The data.
__________________________________________________

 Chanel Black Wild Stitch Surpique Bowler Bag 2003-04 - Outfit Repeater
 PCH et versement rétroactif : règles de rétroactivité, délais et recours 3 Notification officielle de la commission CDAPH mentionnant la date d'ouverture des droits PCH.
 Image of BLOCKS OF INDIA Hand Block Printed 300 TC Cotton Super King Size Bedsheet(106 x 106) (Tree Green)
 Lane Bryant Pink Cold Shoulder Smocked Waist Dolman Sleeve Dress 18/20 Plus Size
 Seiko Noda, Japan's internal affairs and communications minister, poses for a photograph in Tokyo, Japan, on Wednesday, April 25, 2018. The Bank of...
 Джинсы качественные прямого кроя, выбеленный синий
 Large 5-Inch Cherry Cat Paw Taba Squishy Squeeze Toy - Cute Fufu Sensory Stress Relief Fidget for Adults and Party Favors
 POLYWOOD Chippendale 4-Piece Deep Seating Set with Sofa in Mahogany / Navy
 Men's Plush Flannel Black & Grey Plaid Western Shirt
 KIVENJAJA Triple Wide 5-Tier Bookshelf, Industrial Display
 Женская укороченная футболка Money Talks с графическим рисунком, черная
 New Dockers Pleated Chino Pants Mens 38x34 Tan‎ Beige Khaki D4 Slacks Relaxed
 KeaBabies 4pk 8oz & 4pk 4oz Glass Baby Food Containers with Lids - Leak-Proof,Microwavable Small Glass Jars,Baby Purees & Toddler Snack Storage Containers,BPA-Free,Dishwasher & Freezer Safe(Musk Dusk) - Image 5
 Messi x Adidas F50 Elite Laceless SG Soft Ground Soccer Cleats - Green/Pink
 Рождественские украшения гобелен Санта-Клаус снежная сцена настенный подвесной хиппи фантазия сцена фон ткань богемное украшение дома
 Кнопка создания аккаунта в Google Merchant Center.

__________________________________________________

What you should do. Give the number of lines containing "Pink" in the entries, and no other text.

Response to this exercise. 2